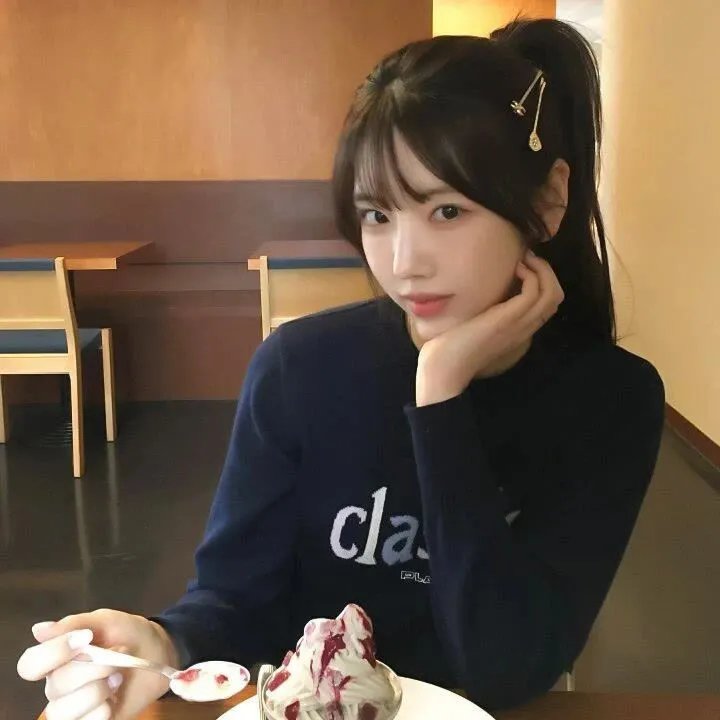 好莱坞食堂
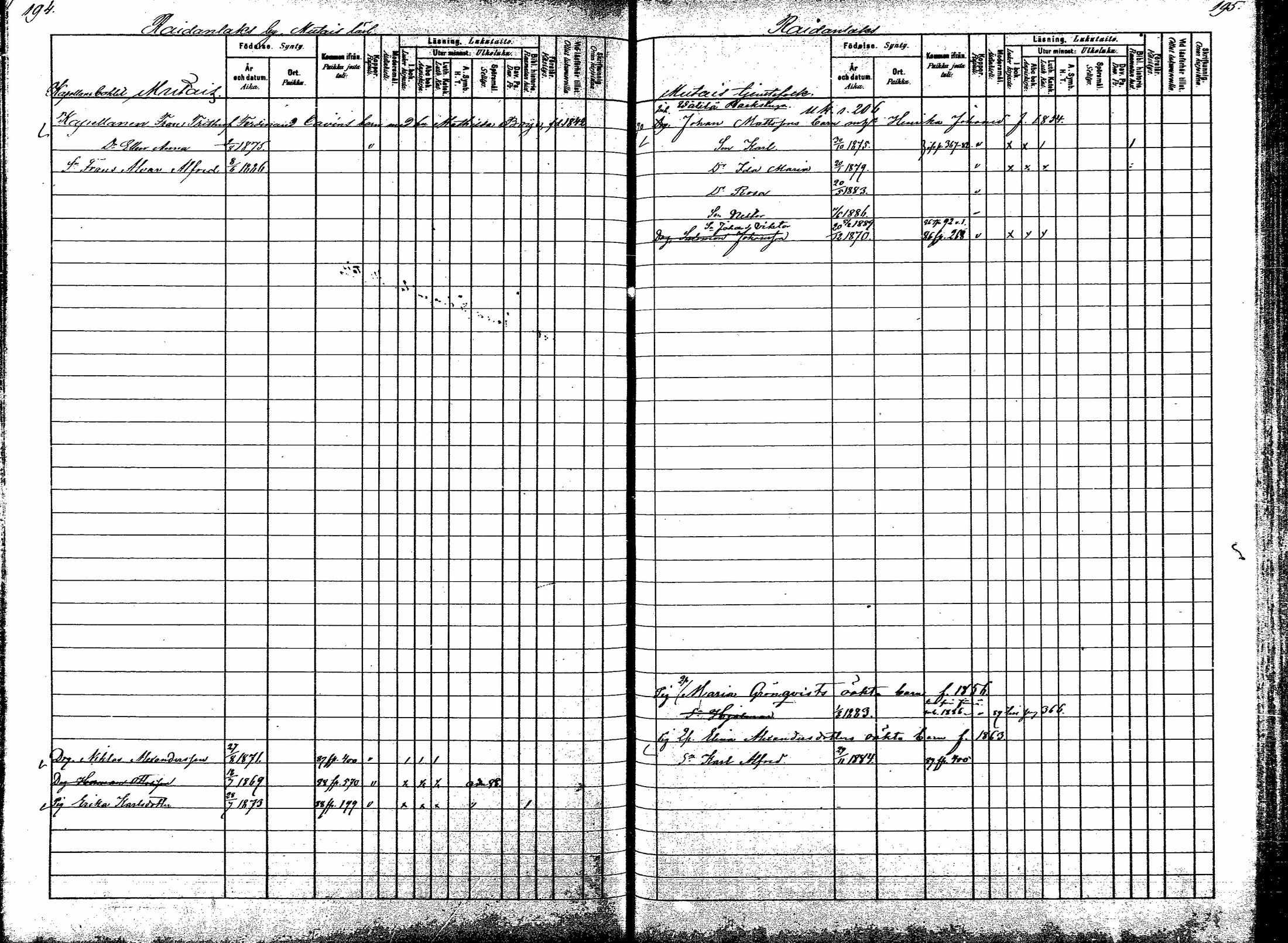 [ ../kirjat/Kirkonkirjat/korpilahti/lastenkirja_1880-1889_mko201-214/kuvat/128.jpg ]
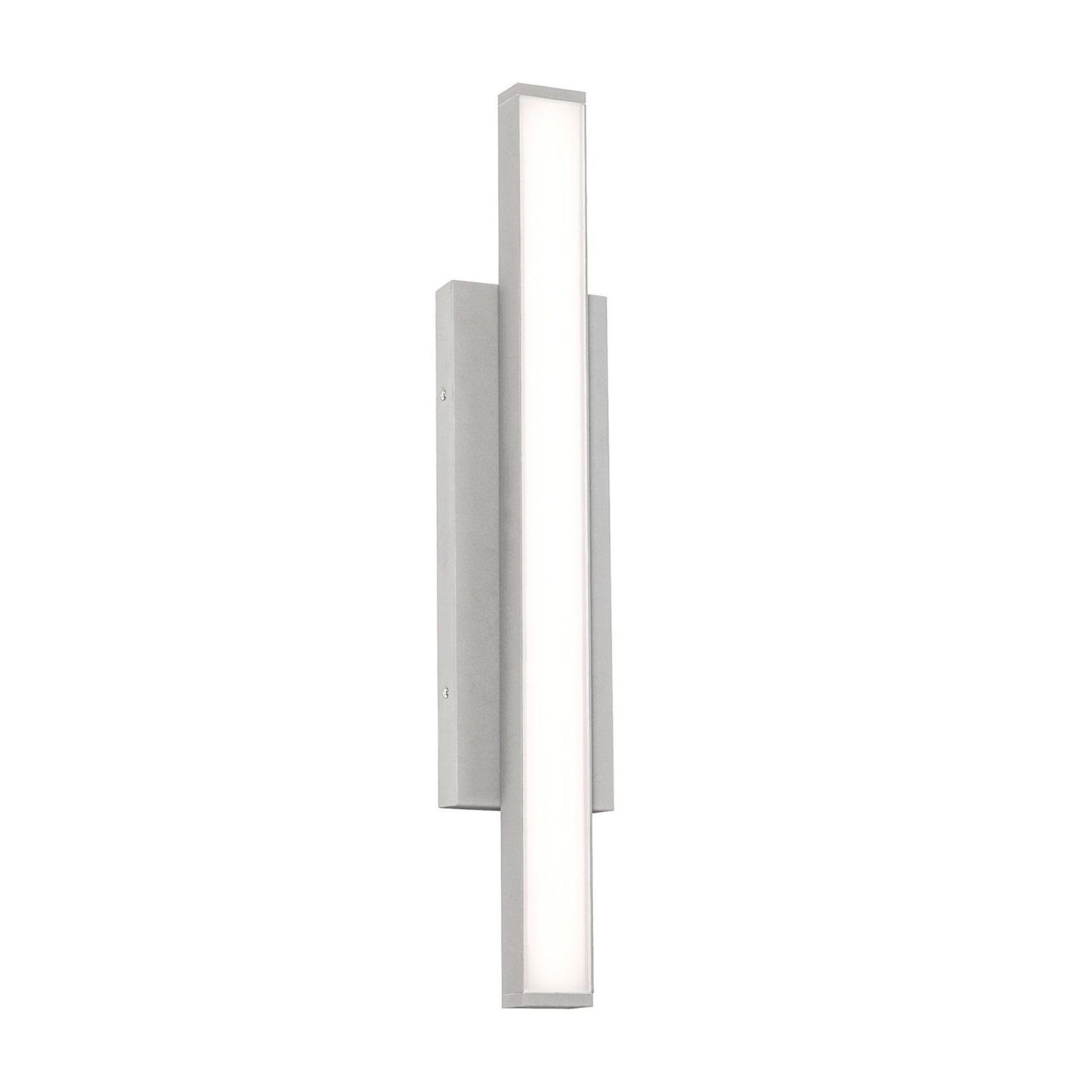 Gale LED Outdoor Wall Sconce - Bees Lighting
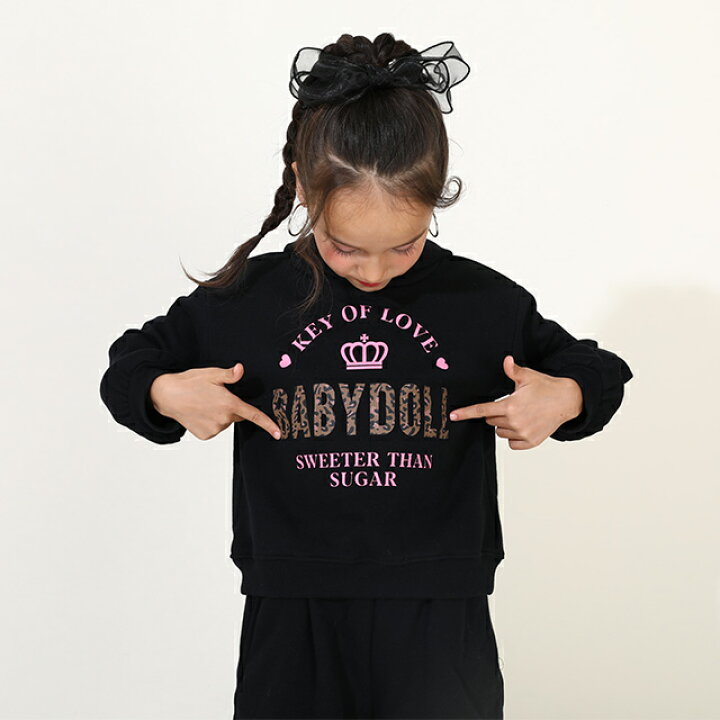 楽天市場】＼最大1000円OFFクーポン配布中／3/27 13:59まで 【50％OFF  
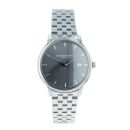 Raymond Weil Toccata Pre Owned Watch Ref 5488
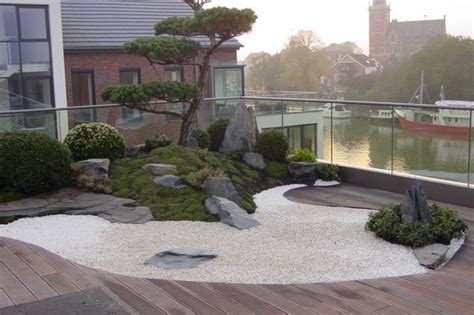 See more ideas about japanese garden, small japanese garden, zen garden. Zen garden design ideas - the mysterious beauty of ...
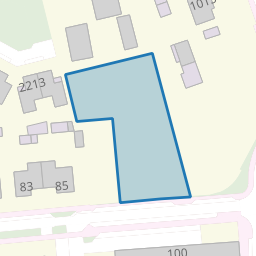 Perceel WCN00-L-4664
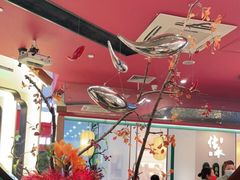 -望湘园·洞庭渔宴(永旺店)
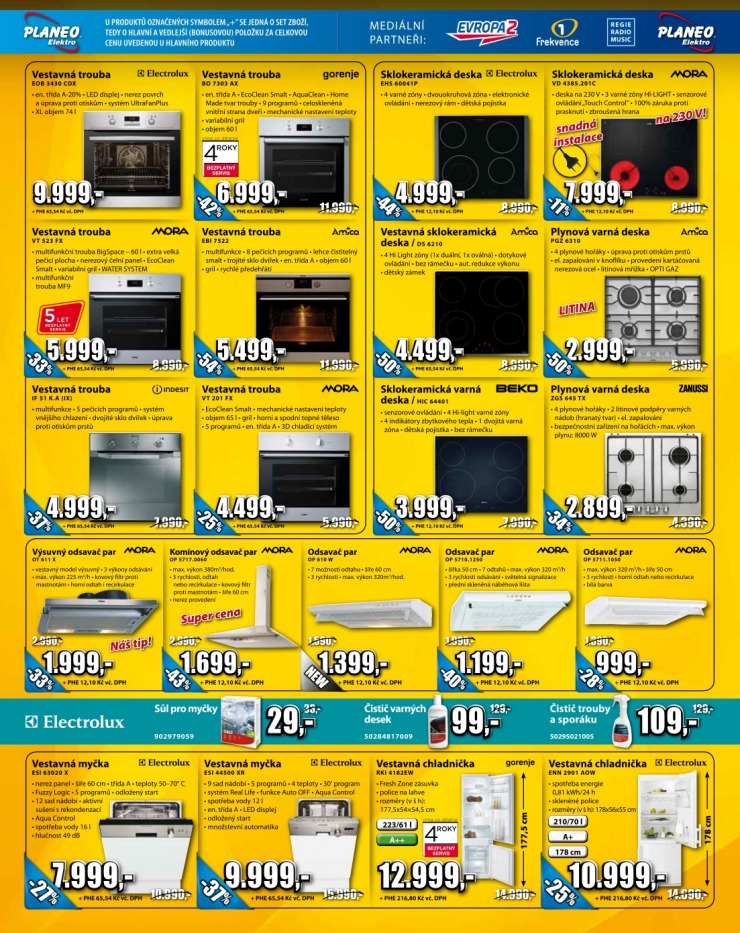 let�k Planeo Elektro strana 1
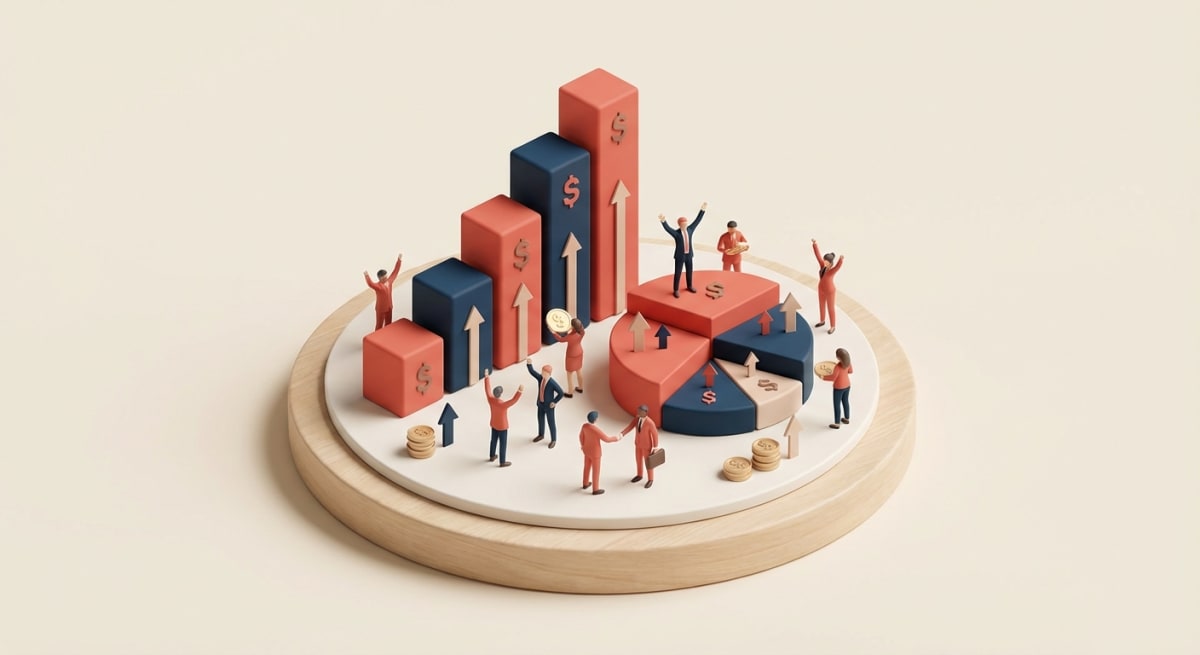 ROI of employee onboarding software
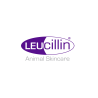 Leucillin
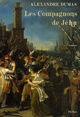 Les compagnons de Jéhu 
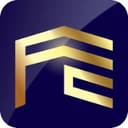 Future City Real Estate Co., Ltd. logo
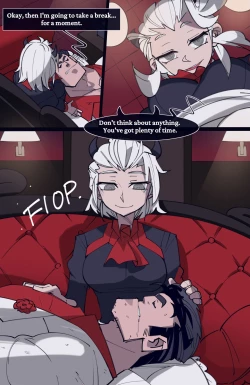 Page 73 of MEMORY Akuma Harem no Subete Soshite Sonogo no Monogatari | MEMORY All About The Demon Harem and Beyond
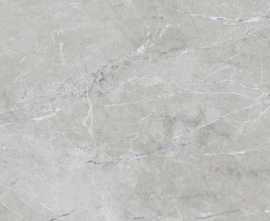 Керамогранит Gravita Ash Ford Grey 60x120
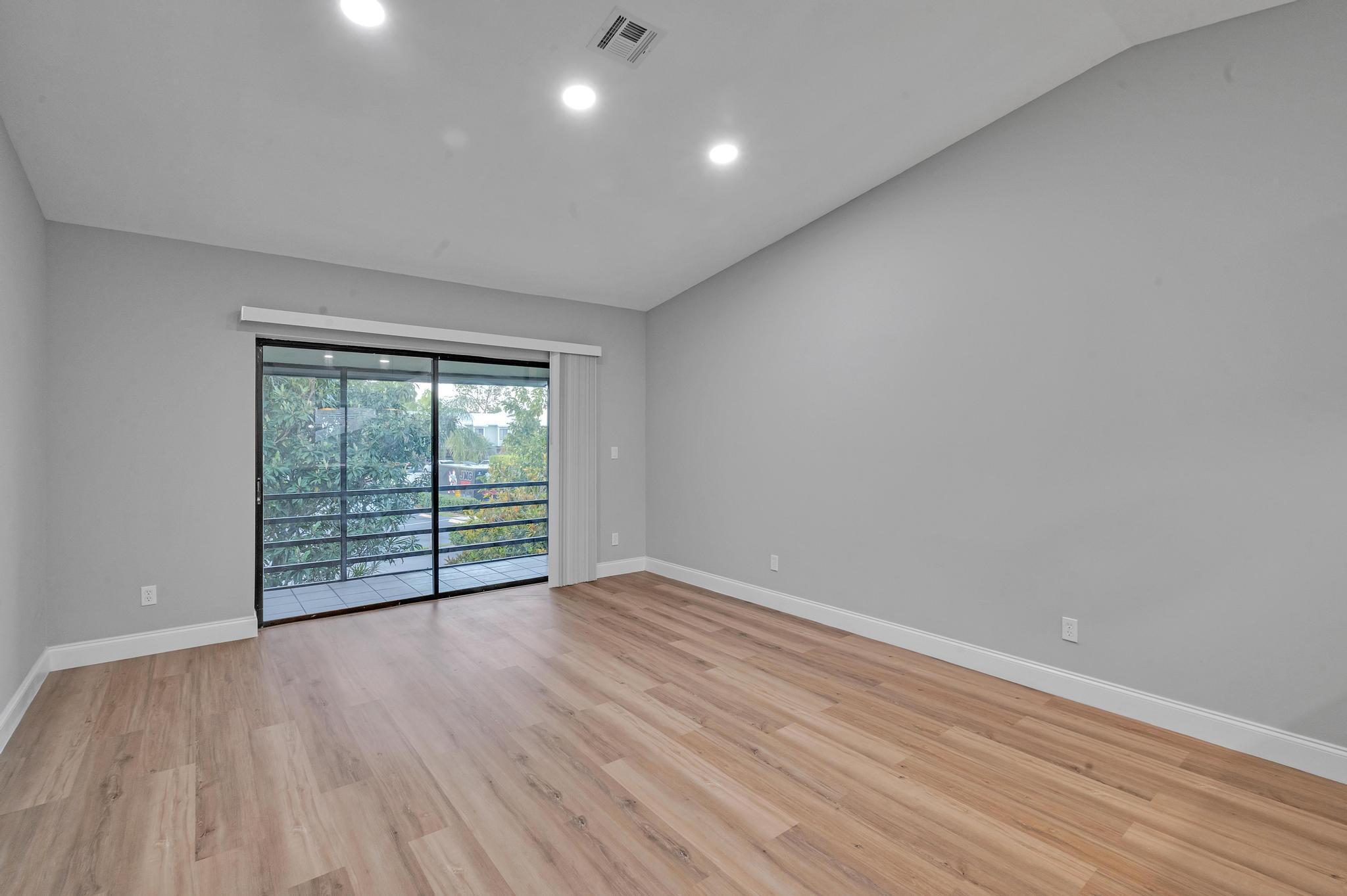 800 NW Fork Road 10-8, Stuart, FL 34994, Stuart - Photo 4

:: WHAT YOU SHOULD DO ::
Leave the images out and give the rest of the data again exactly.

:: EXPECTED OUTPUT ::
 好莱坞食堂
 [ ../kirjat/Kirkonkirjat/korpilahti/lastenkirja_1880-1889_mko201-214/kuvat/128.jpg ]
 Gale LED Outdoor Wall Sconce - Bees Lighting
 楽天市場】＼最大1000円OFFクーポン配布中／3/27 13:59まで 【50％OFF  
 Raymond Weil Toccata Pre Owned Watch Ref 5488
 See more ideas about japanese garden, small japanese garden, zen garden. Zen garden design ideas - the mysterious beauty of ...
 Perceel WCN00-L-4664
 -望湘园·洞庭渔宴(永旺店)
 let�k Planeo Elektro strana 1
 ROI of employee onboarding software
 Leucillin
 Les compagnons de Jéhu 
 Future City Real Estate Co., Ltd. logo
 Page 73 of MEMORY Akuma Harem no Subete Soshite Sonogo no Monogatari | MEMORY All About The Demon Harem and Beyond
 Керамогранит Gravita Ash Ford Grey 60x120
 800 NW Fork Road 10-8, Stuart, FL 34994, Stuart - Photo 4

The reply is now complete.